■ **Required work**: The required result is an exact copy of the lines from the one containing "this 1200×490 image." to the last line of the records, both ends included, without pictures.

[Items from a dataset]
==============================

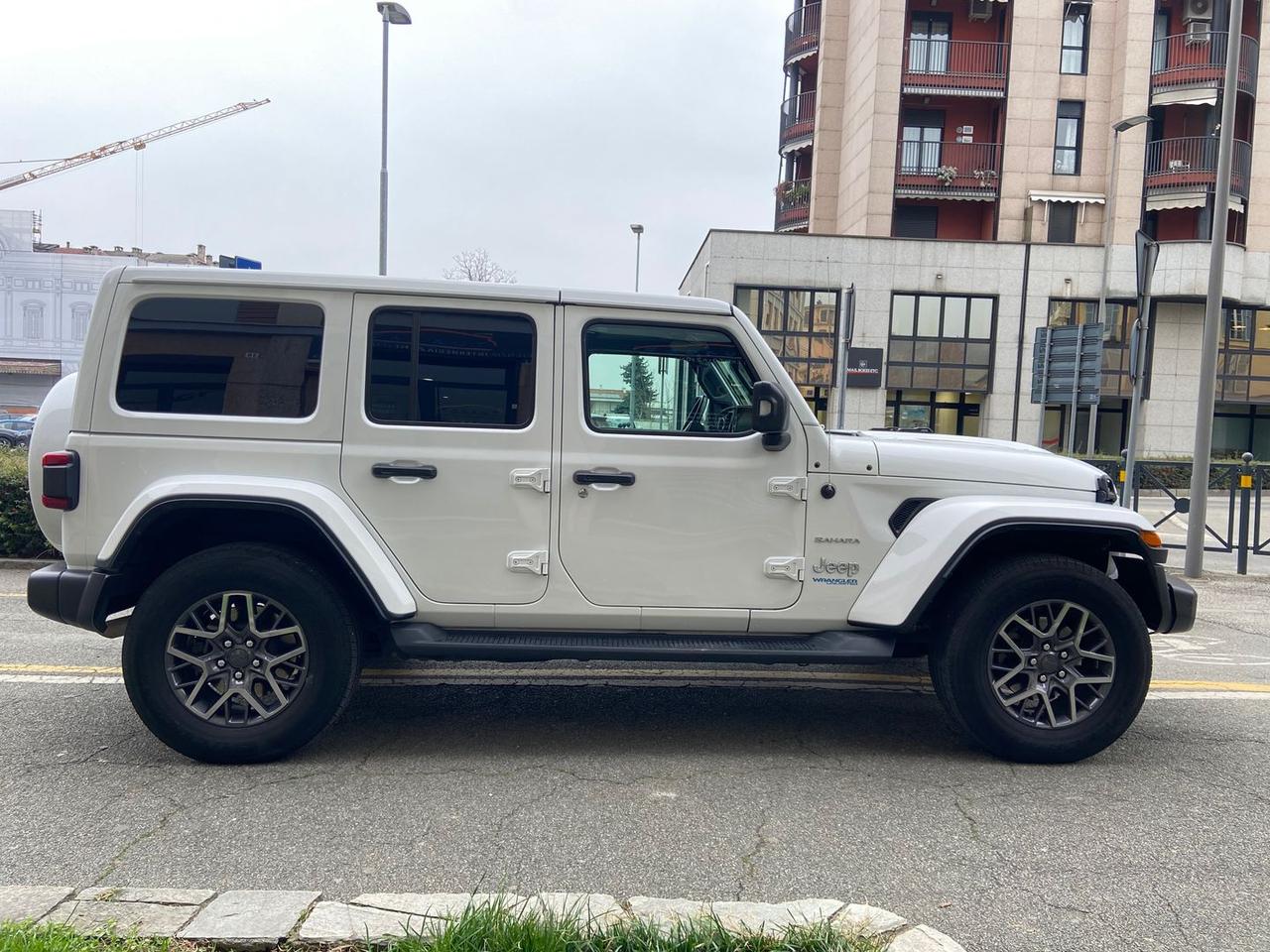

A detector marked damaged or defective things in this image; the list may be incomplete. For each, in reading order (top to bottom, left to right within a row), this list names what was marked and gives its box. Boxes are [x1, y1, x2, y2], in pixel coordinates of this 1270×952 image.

cracked pavement [2, 571, 1270, 949]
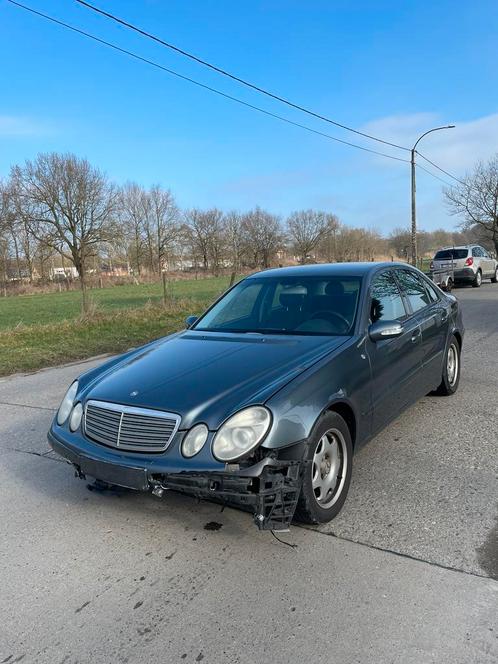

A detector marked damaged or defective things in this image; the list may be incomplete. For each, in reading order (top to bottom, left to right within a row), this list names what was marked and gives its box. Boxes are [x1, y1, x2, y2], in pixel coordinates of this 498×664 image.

damaged front bumper [47, 434, 304, 532]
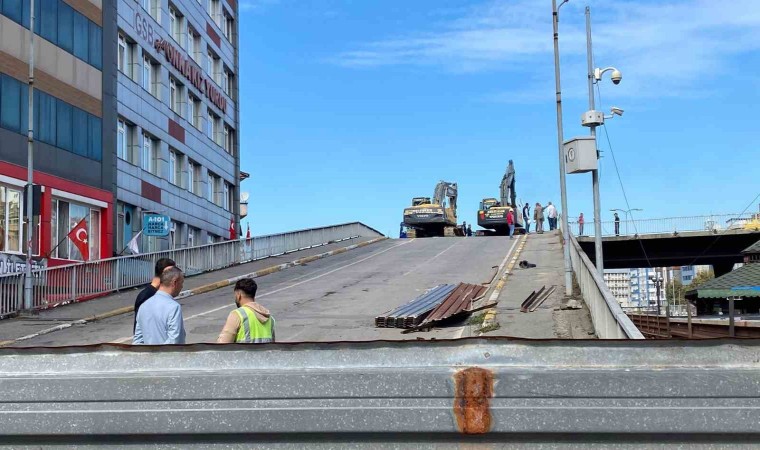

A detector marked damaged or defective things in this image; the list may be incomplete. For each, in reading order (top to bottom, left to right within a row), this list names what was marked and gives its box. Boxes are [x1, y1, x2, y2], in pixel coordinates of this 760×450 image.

rusty stain on barrier [452, 368, 492, 434]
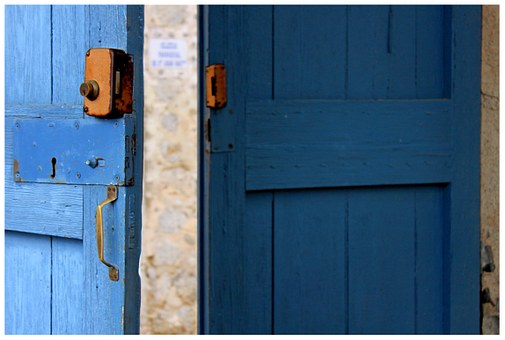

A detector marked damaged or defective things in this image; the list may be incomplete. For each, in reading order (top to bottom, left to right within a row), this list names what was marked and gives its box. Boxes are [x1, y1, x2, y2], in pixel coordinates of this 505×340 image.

rusty metal lock [79, 48, 133, 118]
rusty door hinge [207, 63, 226, 109]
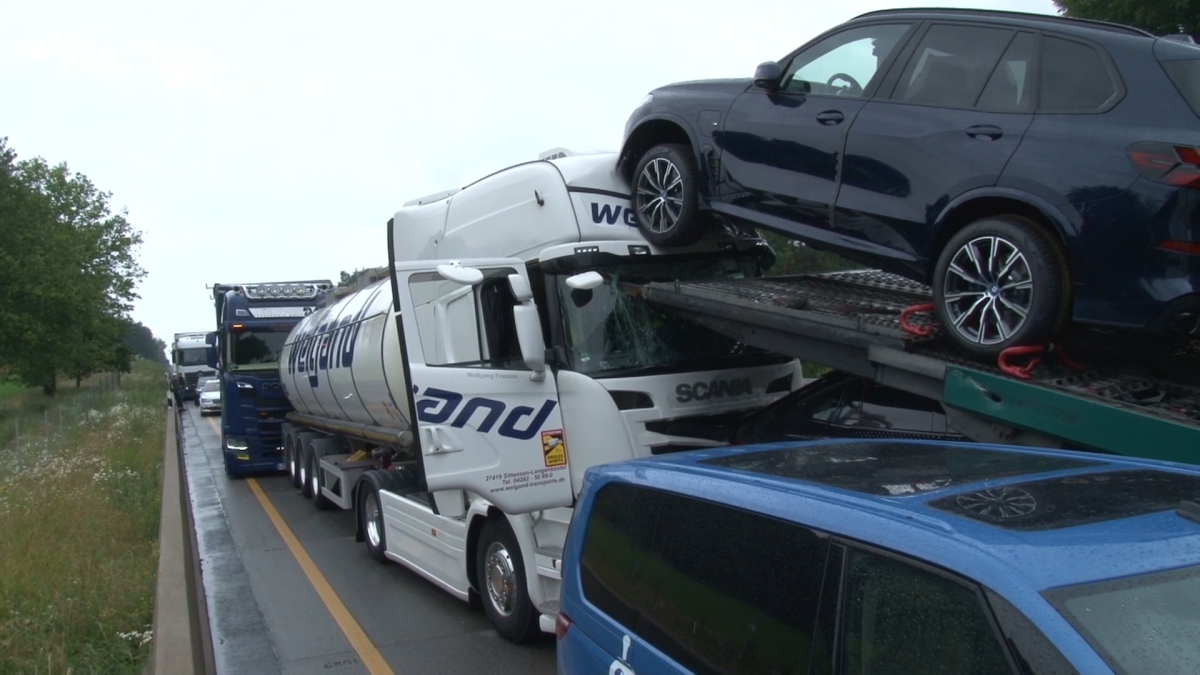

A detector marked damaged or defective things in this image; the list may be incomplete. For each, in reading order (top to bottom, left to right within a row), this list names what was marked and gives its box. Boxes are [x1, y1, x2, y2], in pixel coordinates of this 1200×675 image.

damaged windshield [549, 254, 787, 374]
shattered windshield glass [549, 254, 787, 374]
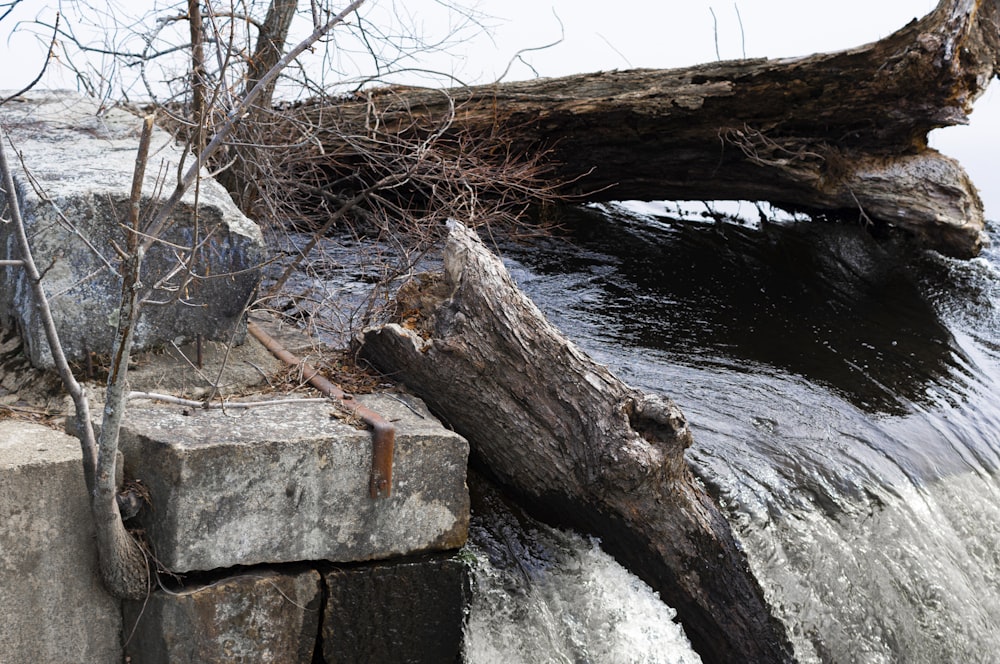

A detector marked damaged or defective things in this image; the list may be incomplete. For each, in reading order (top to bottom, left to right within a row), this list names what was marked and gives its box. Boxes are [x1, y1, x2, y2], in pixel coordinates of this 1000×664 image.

rusty metal rod [246, 322, 394, 498]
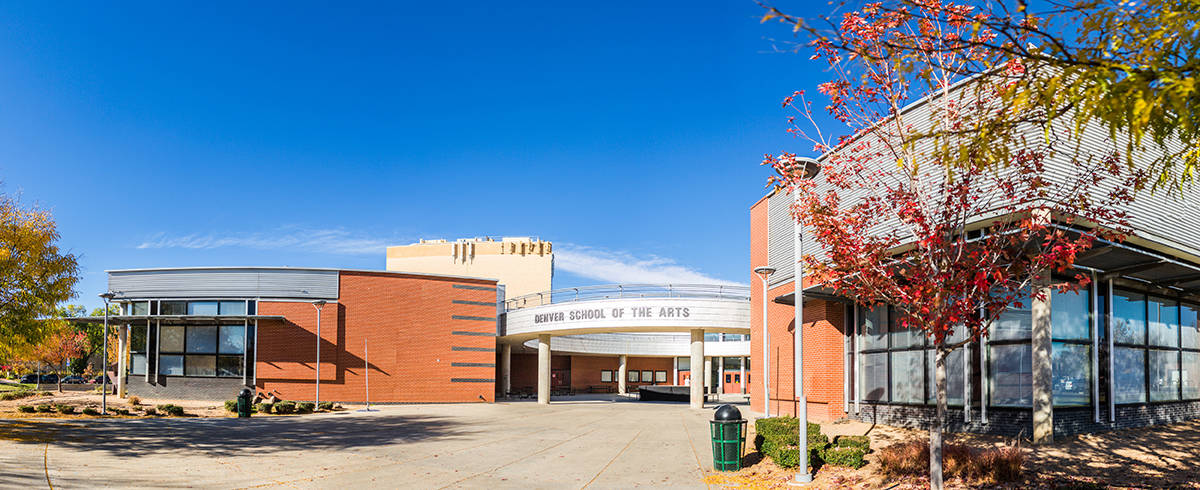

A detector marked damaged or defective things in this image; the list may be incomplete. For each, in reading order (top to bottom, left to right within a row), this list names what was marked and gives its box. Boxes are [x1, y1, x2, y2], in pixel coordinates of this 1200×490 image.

pavement crack line [436, 427, 600, 487]
pavement crack line [578, 427, 643, 490]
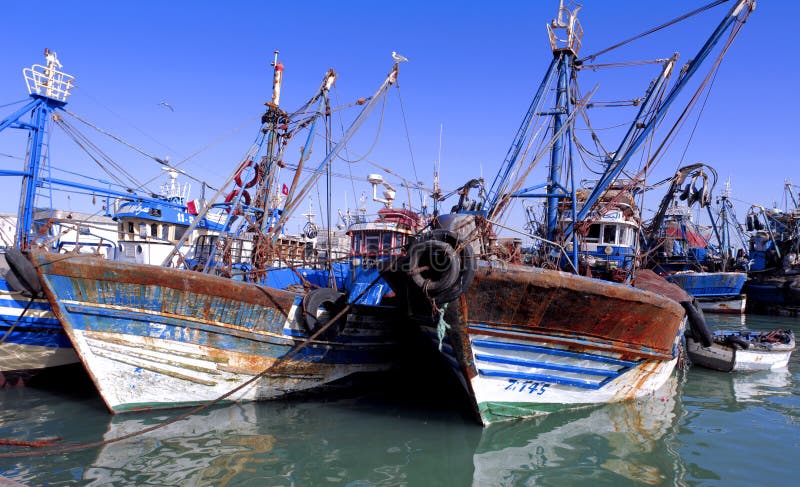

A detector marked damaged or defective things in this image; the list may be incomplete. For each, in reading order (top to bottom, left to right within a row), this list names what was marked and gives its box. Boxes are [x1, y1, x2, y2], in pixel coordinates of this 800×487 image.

rusty wooden hull [28, 250, 404, 414]
rusty wooden hull [412, 262, 680, 426]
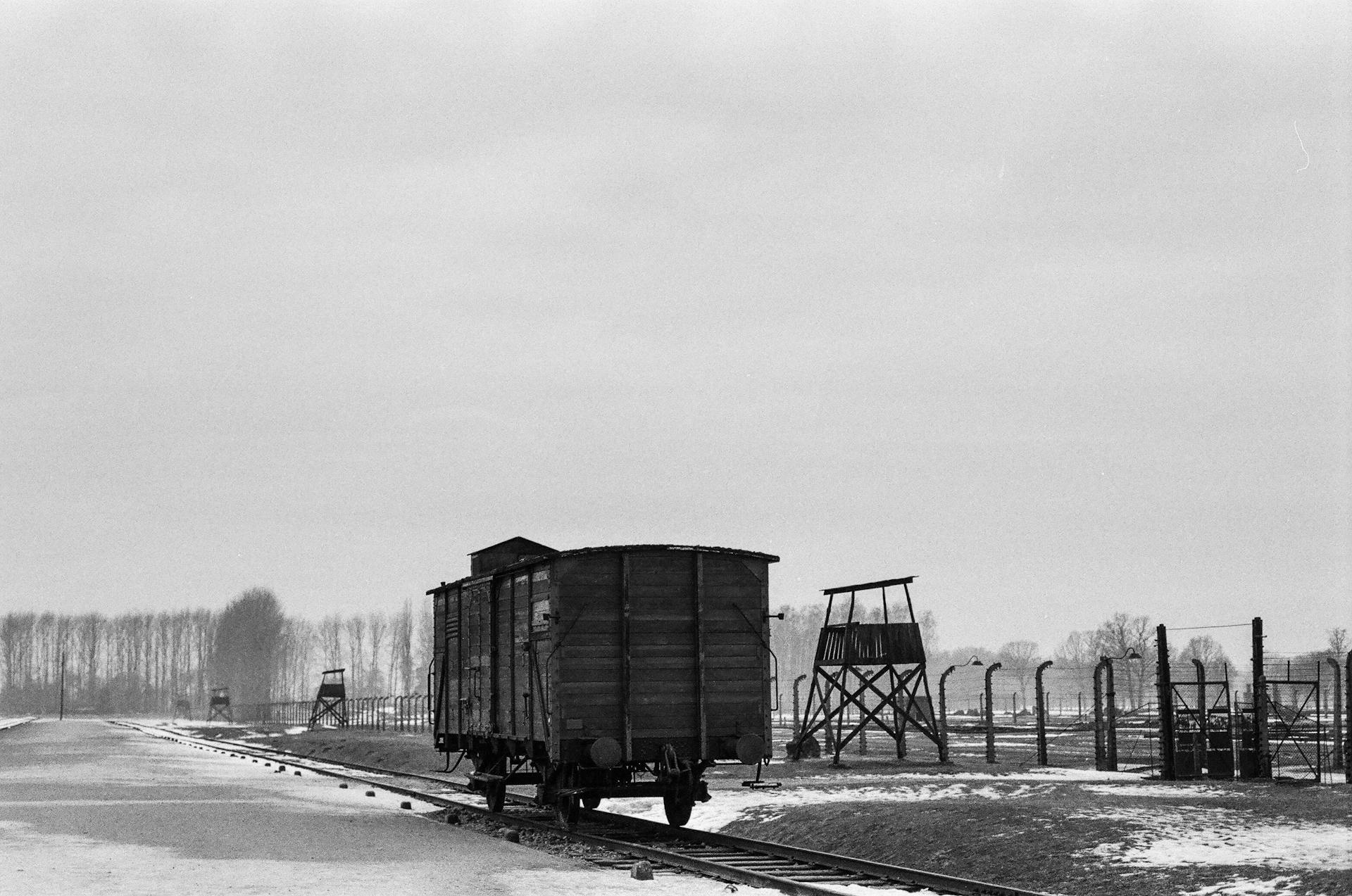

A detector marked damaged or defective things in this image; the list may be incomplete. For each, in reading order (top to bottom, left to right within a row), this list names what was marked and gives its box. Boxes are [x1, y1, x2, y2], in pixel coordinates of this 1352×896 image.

rusted metal structure [206, 690, 232, 726]
rusted metal structure [307, 667, 349, 732]
rusted metal structure [428, 538, 777, 828]
rusted metal structure [789, 577, 935, 766]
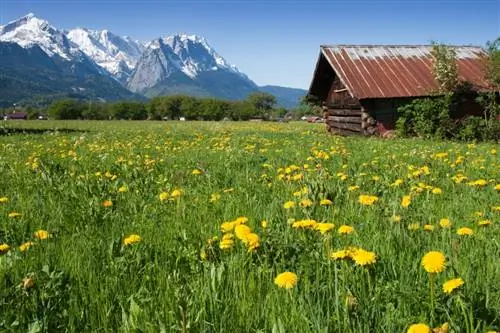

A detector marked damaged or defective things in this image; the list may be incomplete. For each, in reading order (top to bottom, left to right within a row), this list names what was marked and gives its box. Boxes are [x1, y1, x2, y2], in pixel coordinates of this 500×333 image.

rusty metal roof [310, 45, 490, 100]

==============================

■ **Answer to this task**:
A detector marked damaged or defective things in this image; the list may be incomplete. For each, in reading order (top to bottom, left to right within a row), this list names what was marked and gives its box. Boxes are [x1, y1, x2, y2], in pixel coordinates of this 1200×490 image.

pavement crack line [436, 427, 600, 487]
pavement crack line [578, 427, 643, 490]

A detector marked damaged or defective things in this image; the list may be incomplete. For each, in reading order (top to bottom, left to right within a row), this list names what was marked and gives its box. Boxes are [x1, y1, x2, y2], in pixel coordinates of this 800×487 image.

rusty wooden hull [28, 250, 404, 414]
rusty wooden hull [412, 262, 680, 426]

A detector marked damaged or defective things in this image; the list may be incomplete. For each, in reading order (top to bottom, left to right within a row), this list names what was marked and gives its box. Boxes are [x1, y1, x2, y2], in pixel coordinates of this 1352×896 image.

rusted metal structure [206, 690, 232, 726]
rusted metal structure [307, 667, 349, 732]
rusted metal structure [428, 538, 777, 828]
rusted metal structure [789, 577, 935, 766]

A detector marked damaged or defective things in this image; the list may be incomplete. For each, in reading order (top to bottom, left to right within a row), this list names what was marked and gives its box. Boxes are [x1, y1, x2, y2], in pixel coordinates of this 500×333 image.

rusty metal roof [310, 45, 490, 100]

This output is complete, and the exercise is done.